Perhaps the Cryonics Industry Needs a Luxury Line

Industries are rather like certain forms of insect - they go through characteristic stages in their life cycle in which the look, internals, and behavior are very different. Moving from one stage to the next is a matter of growth: gaining customers, revenue, mindshare, and the funds for significant research and development. Industries start out as advocacy projects - a few people who think they're right, and have the necessary luck, skill, and staying power to convince a market into their way of thinking. In those early stages, the dynamic between leaders and followers is very different than it is in mature industries. There is a lot of passion and zealotry, people doing things for love rather than money, active advocates with strong opinions and no fear of shouting them out loud. Lots of drama, excitement, and rapid change. But as an industry grows into its later stages, and the number of customers swell, that passion and zealotry fades into the background, to be replaced by the quiet hum of businesses that are all about professionalism, standards, reassuring public faces, steady wages, and long term profits. Look at the personal computer industry, for example - it's no coincidence that all the good stories and larger than life characters are from the 1970s, back when everyone knew one another and the whole thing was a collection of people in various garages.

The computing industry succeeded, evidently, but the cryonics industry - born around the same time - never made it much beyond the early stages of growth.

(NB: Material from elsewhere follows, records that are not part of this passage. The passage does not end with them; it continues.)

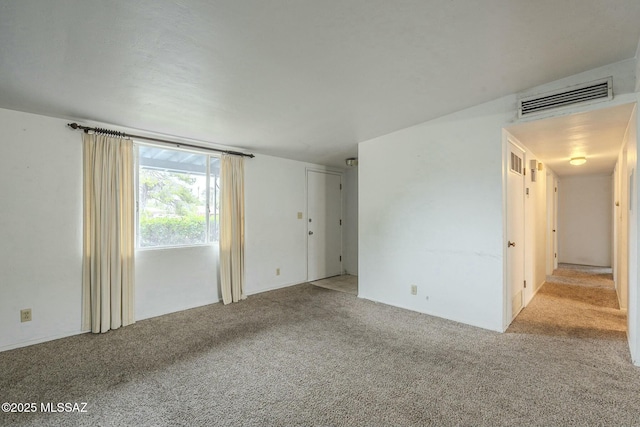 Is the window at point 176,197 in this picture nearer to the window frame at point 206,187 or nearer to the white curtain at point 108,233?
the window frame at point 206,187

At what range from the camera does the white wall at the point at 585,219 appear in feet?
22.3

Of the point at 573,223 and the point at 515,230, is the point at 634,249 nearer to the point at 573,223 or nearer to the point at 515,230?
the point at 515,230

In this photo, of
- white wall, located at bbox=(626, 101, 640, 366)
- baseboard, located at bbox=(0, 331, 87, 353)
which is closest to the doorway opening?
white wall, located at bbox=(626, 101, 640, 366)

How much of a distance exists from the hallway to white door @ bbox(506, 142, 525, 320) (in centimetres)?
23

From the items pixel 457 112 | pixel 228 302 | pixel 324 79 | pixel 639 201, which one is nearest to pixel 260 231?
pixel 228 302

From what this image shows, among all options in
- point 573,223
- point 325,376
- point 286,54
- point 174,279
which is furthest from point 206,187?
point 573,223

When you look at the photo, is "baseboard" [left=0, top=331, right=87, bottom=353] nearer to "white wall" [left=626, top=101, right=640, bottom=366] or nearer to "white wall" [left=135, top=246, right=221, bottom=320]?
"white wall" [left=135, top=246, right=221, bottom=320]

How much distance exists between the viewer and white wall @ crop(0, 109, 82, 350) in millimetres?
2762

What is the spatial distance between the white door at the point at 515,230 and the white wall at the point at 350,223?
9.86 feet

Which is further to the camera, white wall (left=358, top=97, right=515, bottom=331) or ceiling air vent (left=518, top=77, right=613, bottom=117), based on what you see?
white wall (left=358, top=97, right=515, bottom=331)

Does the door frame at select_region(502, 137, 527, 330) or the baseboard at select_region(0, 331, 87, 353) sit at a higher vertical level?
the door frame at select_region(502, 137, 527, 330)

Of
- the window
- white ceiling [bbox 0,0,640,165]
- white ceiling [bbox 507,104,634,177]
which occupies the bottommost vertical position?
the window

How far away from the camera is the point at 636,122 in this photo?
2398 millimetres

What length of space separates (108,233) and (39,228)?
1.88 feet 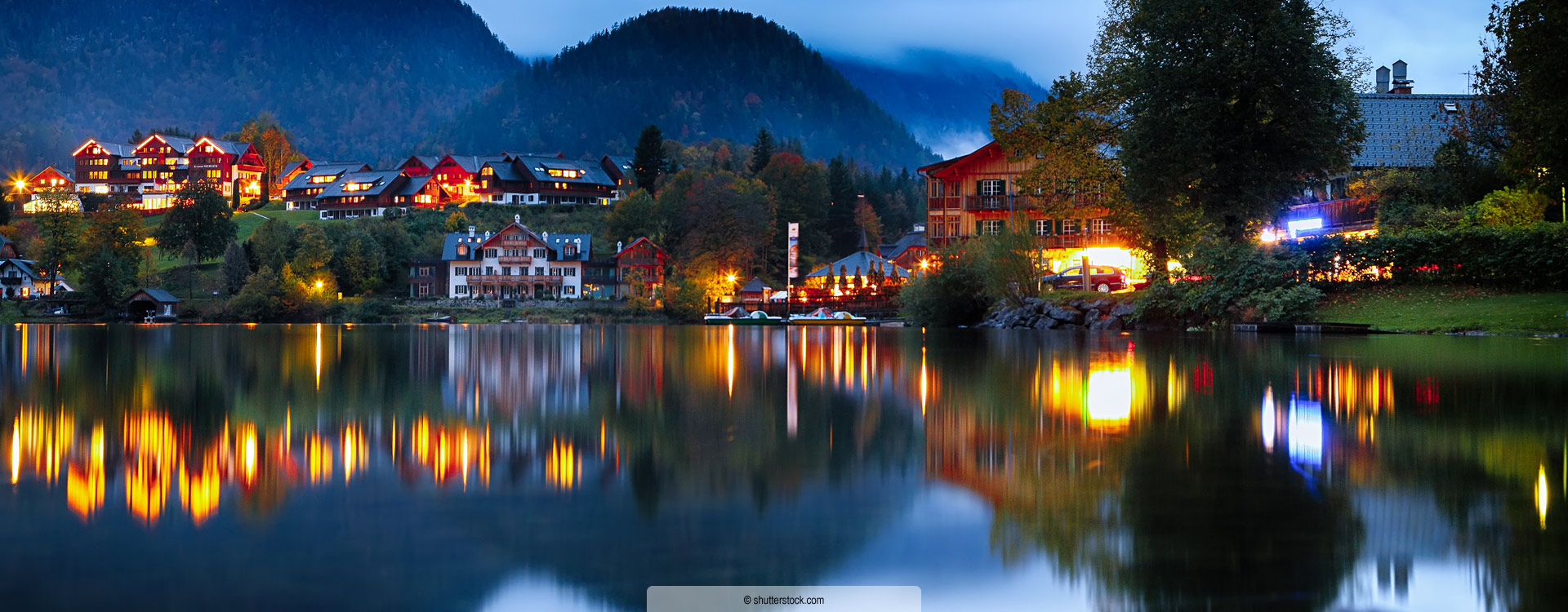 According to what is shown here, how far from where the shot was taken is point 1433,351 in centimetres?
1706

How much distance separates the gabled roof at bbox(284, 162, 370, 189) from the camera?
493 feet

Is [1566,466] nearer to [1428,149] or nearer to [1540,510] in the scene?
[1540,510]

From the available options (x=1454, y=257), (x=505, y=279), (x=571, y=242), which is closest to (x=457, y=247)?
(x=505, y=279)

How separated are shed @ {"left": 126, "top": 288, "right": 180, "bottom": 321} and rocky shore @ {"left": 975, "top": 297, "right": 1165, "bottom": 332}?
69725mm

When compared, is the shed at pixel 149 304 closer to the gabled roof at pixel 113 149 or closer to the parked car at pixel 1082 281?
the parked car at pixel 1082 281

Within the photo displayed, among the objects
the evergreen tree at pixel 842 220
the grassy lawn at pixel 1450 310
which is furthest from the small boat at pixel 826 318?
the evergreen tree at pixel 842 220

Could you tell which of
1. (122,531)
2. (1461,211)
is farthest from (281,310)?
(122,531)

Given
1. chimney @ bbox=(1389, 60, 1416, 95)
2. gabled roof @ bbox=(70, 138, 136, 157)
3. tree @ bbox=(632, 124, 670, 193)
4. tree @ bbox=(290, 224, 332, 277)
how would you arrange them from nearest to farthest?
chimney @ bbox=(1389, 60, 1416, 95) < tree @ bbox=(290, 224, 332, 277) < tree @ bbox=(632, 124, 670, 193) < gabled roof @ bbox=(70, 138, 136, 157)

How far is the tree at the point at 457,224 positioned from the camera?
396 feet

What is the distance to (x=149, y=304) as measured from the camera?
85.1 meters

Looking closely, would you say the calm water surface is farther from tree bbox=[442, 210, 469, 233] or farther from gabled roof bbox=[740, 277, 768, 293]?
tree bbox=[442, 210, 469, 233]

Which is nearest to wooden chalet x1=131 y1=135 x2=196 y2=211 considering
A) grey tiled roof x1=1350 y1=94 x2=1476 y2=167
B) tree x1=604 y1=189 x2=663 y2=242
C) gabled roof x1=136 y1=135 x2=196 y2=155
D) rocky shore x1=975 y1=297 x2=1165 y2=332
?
gabled roof x1=136 y1=135 x2=196 y2=155

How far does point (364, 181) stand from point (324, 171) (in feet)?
37.0

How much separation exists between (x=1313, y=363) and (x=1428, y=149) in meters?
42.8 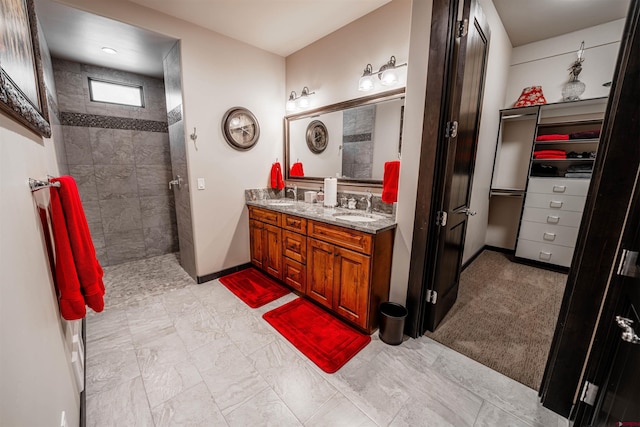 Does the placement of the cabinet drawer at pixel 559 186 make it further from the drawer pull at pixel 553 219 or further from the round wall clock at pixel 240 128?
the round wall clock at pixel 240 128

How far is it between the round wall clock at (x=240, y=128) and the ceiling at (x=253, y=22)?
78cm

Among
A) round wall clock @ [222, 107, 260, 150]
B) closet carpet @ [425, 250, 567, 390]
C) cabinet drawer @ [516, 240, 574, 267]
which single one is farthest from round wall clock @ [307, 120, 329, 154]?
cabinet drawer @ [516, 240, 574, 267]

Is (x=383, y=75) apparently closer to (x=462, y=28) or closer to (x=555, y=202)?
(x=462, y=28)

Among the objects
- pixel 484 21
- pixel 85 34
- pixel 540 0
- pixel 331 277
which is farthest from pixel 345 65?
pixel 85 34

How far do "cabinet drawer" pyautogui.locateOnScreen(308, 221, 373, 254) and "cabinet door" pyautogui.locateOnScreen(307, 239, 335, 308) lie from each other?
69 millimetres

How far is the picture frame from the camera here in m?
0.70

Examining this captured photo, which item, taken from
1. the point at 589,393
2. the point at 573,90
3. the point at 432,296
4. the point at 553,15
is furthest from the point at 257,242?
the point at 573,90

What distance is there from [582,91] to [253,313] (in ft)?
14.7

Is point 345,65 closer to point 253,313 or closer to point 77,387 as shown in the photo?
point 253,313

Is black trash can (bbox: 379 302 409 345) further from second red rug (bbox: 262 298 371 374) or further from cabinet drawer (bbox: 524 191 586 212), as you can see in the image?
cabinet drawer (bbox: 524 191 586 212)

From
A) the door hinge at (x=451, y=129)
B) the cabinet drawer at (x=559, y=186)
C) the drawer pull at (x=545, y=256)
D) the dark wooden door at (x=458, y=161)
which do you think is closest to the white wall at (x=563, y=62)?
the cabinet drawer at (x=559, y=186)

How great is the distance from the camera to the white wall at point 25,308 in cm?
59

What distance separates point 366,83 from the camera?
2336 millimetres

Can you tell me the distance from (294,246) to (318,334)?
83 cm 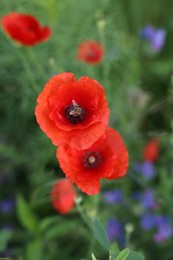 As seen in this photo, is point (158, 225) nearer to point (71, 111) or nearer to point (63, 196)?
point (63, 196)

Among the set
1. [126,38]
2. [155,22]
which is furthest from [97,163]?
[155,22]

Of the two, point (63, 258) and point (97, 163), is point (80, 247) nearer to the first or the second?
point (63, 258)

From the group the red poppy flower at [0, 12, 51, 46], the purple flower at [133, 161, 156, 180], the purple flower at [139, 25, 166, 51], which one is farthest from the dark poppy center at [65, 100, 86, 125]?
the purple flower at [139, 25, 166, 51]

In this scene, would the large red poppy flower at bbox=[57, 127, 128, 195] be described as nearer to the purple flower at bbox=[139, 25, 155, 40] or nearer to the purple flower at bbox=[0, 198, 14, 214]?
the purple flower at bbox=[0, 198, 14, 214]

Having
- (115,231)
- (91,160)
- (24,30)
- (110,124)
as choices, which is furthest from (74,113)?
(115,231)

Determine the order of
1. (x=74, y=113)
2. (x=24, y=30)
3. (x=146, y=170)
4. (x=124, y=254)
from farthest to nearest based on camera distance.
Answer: (x=146, y=170) → (x=24, y=30) → (x=74, y=113) → (x=124, y=254)

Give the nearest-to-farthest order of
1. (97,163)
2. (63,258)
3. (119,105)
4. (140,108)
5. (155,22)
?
(97,163) → (63,258) → (140,108) → (119,105) → (155,22) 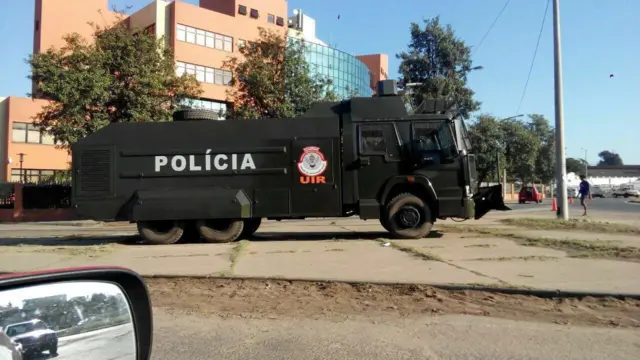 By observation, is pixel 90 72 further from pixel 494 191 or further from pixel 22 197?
pixel 494 191

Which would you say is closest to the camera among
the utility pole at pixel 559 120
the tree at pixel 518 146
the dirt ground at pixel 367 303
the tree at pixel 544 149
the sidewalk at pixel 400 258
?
the dirt ground at pixel 367 303

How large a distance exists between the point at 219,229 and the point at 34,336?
409 inches

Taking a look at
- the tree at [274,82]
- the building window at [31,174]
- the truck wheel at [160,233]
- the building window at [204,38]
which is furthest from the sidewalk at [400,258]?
the building window at [204,38]

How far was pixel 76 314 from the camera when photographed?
5.80 feet

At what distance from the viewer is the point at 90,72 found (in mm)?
21812

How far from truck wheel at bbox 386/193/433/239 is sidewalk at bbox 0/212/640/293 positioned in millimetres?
295

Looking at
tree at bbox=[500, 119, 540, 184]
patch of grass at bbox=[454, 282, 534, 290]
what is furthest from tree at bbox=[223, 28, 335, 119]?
tree at bbox=[500, 119, 540, 184]

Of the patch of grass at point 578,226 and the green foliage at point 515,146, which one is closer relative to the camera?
the patch of grass at point 578,226

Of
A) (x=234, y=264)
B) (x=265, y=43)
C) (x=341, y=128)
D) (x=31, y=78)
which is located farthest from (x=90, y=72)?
(x=234, y=264)

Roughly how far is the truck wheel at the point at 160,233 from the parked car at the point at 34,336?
10416mm

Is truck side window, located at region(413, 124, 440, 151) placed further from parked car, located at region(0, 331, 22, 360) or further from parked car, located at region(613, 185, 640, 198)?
parked car, located at region(613, 185, 640, 198)

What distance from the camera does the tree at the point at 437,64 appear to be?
97.5 ft

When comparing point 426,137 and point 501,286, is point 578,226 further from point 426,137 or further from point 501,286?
point 501,286

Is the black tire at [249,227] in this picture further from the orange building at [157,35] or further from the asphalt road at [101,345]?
the orange building at [157,35] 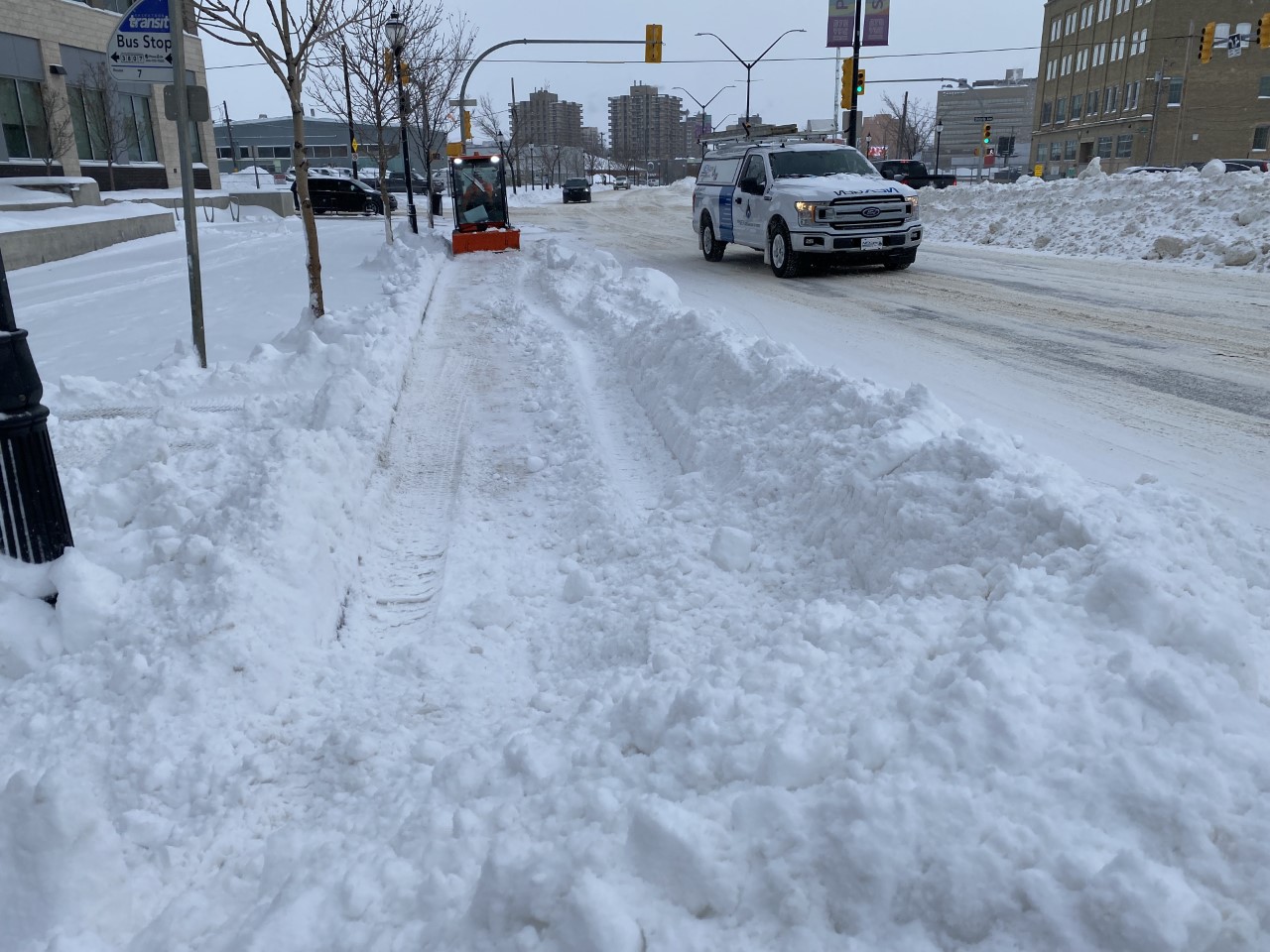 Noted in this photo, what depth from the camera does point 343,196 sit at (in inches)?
1465

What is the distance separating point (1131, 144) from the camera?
6372cm

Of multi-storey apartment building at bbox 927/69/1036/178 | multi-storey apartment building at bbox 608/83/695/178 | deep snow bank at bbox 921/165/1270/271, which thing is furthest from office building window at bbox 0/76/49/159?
multi-storey apartment building at bbox 608/83/695/178

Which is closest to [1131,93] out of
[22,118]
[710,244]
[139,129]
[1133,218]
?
[1133,218]

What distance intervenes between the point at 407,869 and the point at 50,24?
Answer: 35971 mm

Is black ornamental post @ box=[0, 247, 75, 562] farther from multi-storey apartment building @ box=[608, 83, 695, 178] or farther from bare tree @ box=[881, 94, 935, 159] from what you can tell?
multi-storey apartment building @ box=[608, 83, 695, 178]

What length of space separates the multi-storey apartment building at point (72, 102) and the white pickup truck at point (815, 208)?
2121 cm

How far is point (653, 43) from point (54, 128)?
63.7ft

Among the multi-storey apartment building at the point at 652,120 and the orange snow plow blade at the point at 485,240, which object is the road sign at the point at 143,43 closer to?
the orange snow plow blade at the point at 485,240

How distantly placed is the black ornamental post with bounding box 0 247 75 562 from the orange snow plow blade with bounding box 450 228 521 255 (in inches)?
648

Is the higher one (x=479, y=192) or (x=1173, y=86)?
(x=1173, y=86)

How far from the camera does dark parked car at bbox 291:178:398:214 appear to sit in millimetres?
36781

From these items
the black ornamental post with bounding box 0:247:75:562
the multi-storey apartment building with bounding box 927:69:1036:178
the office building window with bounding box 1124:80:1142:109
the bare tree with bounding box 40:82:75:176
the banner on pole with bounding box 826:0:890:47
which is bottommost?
the black ornamental post with bounding box 0:247:75:562

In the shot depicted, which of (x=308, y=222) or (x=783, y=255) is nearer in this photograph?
(x=308, y=222)

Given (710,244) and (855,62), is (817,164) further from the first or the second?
(855,62)
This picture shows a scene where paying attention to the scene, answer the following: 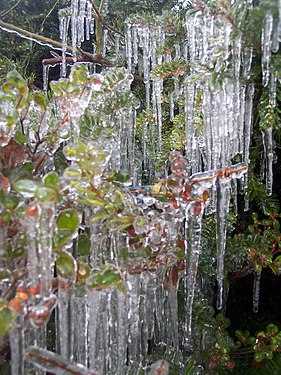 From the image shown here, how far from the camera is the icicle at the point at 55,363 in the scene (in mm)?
623

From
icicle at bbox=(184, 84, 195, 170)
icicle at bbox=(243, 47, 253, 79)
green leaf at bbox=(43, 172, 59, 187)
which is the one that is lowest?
green leaf at bbox=(43, 172, 59, 187)

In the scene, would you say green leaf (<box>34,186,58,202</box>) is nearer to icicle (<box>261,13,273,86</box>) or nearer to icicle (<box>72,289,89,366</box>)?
icicle (<box>72,289,89,366</box>)

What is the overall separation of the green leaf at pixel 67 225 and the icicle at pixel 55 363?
0.47ft

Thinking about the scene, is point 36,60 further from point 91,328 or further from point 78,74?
point 91,328

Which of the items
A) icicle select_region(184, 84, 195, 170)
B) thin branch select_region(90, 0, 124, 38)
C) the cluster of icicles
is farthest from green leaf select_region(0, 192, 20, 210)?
thin branch select_region(90, 0, 124, 38)

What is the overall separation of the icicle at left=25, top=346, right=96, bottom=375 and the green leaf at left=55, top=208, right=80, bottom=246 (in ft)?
0.47

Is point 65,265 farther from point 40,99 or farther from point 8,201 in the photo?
point 40,99

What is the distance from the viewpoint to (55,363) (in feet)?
2.08

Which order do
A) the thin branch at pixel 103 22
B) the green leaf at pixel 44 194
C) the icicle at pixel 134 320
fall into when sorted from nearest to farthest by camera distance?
1. the green leaf at pixel 44 194
2. the icicle at pixel 134 320
3. the thin branch at pixel 103 22

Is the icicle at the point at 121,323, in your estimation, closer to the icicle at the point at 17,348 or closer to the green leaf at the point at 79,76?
the icicle at the point at 17,348

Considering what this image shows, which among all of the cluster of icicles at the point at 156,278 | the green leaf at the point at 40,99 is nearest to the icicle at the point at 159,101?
the cluster of icicles at the point at 156,278

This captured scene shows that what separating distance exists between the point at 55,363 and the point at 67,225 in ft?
0.58

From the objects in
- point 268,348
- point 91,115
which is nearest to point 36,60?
point 91,115

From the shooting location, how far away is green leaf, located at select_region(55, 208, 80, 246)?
660mm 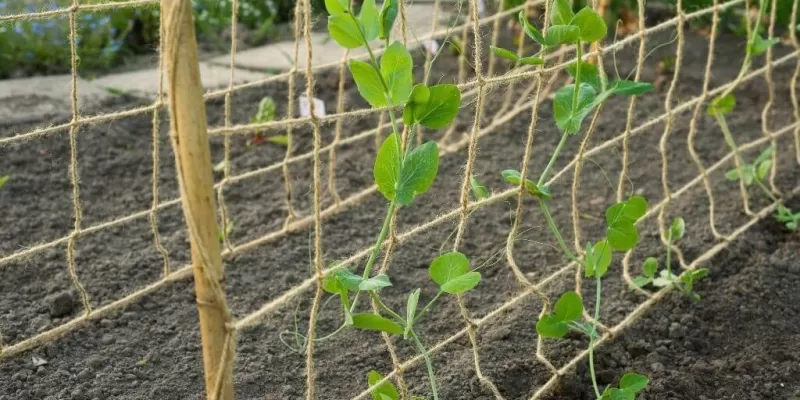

The reasons for this have been discussed to death over the years, so I won't go into them here, but the industry is presently in that early stage middle ground where staid, long-term business practices and the passion of the zealots are equally present and influential. This has been the case for the past twenty years, and there the industry will stay until there is significant growth in the number of customers: when an industry remains small, there is no chance for the original founders - colorful characters who are passionate enough to set out and do what most people never get around to trying - to fade away in favor of solid bottom-line-and-marketing businessmen. It it stays small for long enough, you end up with a significant fraction of embittered zealots and their drama, which is never fun.

When an initiative does succeed attracting broad support and a large community, the energy and quirks of the early activists are tempered by a sea of more sedate, everyday folk. Sometimes the pioneers are quietly airbrushed out of the official histories - once an initiative becomes large enough for its leaders to want it to look like a shiny, official, professional machine, then the original barnstormers and larger than life personalities start to be seen as a liability. Justifiably or not, they are shuffled to one side of the growing crowd. In this way, the ultimate accolade of success is to be made irrelevant in the movement you helped found: accepting that likelihood up front is the way to peace of mind for activists and advocates.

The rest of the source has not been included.